At the time of launch the cryogenics in the service module tanks were a dense super-cold liquid, but now, two days into Apollo 13, the cryos were a thick soupy vapor, part liquid and part gas. Fans were located internal to the cryogenic hydrogen and oxygen tanks. The fans were periodically activated by the crew, at the request of the MCC, to stir up the mixture and allow precise tank quantity measurements. Heaters were located in the tanks to raise the tank pressure. The heaters could be activated either automatically or manually by the crew.
Sy Liebergot, wrestling with the oxygen pressure management problem and hoping to avoid an alarm during the sleep period, decided to request a cryo tank stir prior to sleep. The stir request was passed to the crew, with Swigert acknowledging the request. As Swigert started the stir at 55:53, Liebergot focused his attention on the TV monitors displaying the fuel cell currents to nail down the exact time the stir started.
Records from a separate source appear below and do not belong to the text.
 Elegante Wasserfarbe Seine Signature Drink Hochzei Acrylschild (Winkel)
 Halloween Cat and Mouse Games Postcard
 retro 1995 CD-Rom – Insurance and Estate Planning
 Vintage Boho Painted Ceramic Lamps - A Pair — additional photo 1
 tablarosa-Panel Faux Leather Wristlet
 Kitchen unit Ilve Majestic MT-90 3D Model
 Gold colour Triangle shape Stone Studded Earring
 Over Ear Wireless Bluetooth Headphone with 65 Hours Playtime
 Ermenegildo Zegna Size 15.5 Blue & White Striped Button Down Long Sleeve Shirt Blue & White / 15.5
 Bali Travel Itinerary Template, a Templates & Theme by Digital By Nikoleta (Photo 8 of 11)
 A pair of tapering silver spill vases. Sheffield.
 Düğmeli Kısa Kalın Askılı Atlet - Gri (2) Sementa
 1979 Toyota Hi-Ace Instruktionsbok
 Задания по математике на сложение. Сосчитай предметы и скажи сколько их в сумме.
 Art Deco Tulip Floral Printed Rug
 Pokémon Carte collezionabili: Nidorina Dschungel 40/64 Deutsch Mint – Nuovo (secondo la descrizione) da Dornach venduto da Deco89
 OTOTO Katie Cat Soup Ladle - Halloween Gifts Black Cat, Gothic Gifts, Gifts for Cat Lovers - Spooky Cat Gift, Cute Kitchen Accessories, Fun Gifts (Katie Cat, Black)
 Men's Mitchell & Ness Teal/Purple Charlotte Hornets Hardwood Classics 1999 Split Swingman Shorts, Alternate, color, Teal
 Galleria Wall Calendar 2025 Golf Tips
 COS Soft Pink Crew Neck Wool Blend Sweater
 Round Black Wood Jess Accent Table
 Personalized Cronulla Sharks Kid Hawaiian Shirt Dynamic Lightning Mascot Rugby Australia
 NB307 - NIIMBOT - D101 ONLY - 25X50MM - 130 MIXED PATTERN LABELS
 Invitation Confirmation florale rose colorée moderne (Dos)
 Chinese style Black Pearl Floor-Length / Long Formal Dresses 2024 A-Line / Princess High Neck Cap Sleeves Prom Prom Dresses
(What we could not know at this time was that a design flaw existed in the heater circuit of the cryogenic tanks. During pre-launch testing, the heater thermostat switch closed and, due to the design flaw, the Teflon insulation on the wiring internal to the tank was damaged. When the tank was serviced for the mission, the bare copper wires in the tank electrical system were submerged in liquid oxygen. Two days after liftoff two of the three conditions for an explosion existed, gaseous oxygen and damaged tank insulation. All that was required to initiate an explosion was a spark.)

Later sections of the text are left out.